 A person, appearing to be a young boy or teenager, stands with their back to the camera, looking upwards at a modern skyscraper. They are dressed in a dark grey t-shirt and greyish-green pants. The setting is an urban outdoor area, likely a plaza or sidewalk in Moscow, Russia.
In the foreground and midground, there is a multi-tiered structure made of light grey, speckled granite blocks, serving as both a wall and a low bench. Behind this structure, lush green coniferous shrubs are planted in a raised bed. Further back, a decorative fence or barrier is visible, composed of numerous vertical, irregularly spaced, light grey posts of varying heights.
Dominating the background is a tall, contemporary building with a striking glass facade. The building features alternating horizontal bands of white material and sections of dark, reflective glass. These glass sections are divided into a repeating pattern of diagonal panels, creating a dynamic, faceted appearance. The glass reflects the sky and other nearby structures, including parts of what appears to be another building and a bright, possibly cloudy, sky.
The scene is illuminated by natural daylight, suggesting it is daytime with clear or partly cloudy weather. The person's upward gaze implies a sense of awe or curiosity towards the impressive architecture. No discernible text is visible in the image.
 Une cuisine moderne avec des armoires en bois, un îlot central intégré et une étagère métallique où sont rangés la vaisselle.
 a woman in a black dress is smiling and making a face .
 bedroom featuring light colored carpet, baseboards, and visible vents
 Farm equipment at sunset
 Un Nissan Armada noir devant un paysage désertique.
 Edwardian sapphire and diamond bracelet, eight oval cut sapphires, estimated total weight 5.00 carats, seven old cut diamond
=======
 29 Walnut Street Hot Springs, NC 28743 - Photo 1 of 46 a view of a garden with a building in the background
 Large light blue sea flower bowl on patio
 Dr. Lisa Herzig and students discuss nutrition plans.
=======
**Assignment:** Say how many lines in the entries include the word "dark", with no text around the number.

**Answer for this exercise:** 2